Mihail Baykov. Ce processus est-il réversible ?

Veselka Kuncheva. Absolument. Je pense que les choses peuvent s’améliorer pourvu que tout le monde le veuille. Il faut arrêter de faire à la va-vite des spectacles parce que c’est une injure pour tous ceux qui participent au processus. C’est insultant à l’égard de l’art de la marionnette, à l’égard des gens qui le font, à l’égard du public. Je ne peux pas me résigner mais je sais que cela va toujours continuer.

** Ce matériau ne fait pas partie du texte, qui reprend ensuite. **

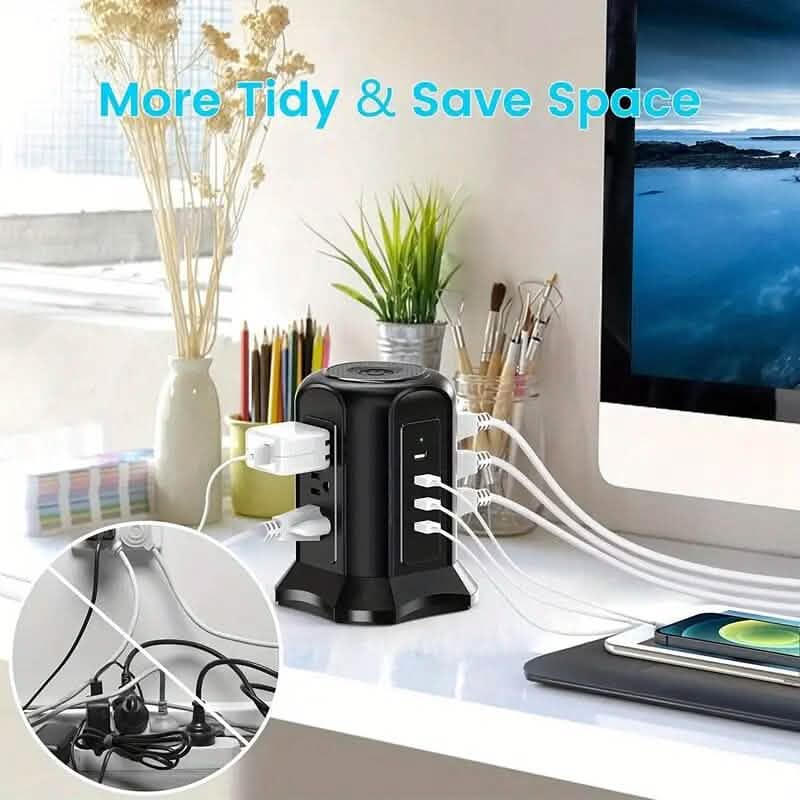 Power Strip Tower with 9 Outlets 4 USB Ports 6.5 Ft. Long Extension Cord DailySale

Mihail Baykov. Es-tu optimiste à l’égard du théâtre bulgare de marionnettes ? Penses-tu qu’il y aura un élan par rapport à ce que vous faites avec Marieta, que cela soit continué ?

Veselka Kuncheva. L’esprit humain renaît toujours, même en l’écrasant plusieurs fois, voilà pourquoi je pense qu’il y a de l’espoir. Même si la médiocrité n’arrête pas d’envahir l’art, il renaîtra toujours. Il y a aura toujours des merles blancs. Je ne peux cependant pas dire que tout l’art de la marionnette prendra son élan. C’est une utopie. Cet art trouvera toujours des moyens pour réussir, pour reprendre son souffle, pour voler. Il ne faut pas oublier que l’école bulgare de marionnettes est l’une des plus puissantes et développées. Le théâtre bulgare de marionnettes réussira toujours.

Nikola Vandov. Est-ce que tu sais déjà quel sera l’auteur que tu choisiras après Boulgakov ou est-ce une décision situationnelle ?

Veselka Kuncheva. Il y a des auteurs qui m’ont toujours impressionnée. Patrick Süskind en est un exemple. Je rêve de mettre en scène Le Parfum depuis longtemps, mais je me suis achoppée aux droits d’auteur pour la énième fois. Je voudrais aussi mettre en scène 4.48 Psychose de Sarah Kane.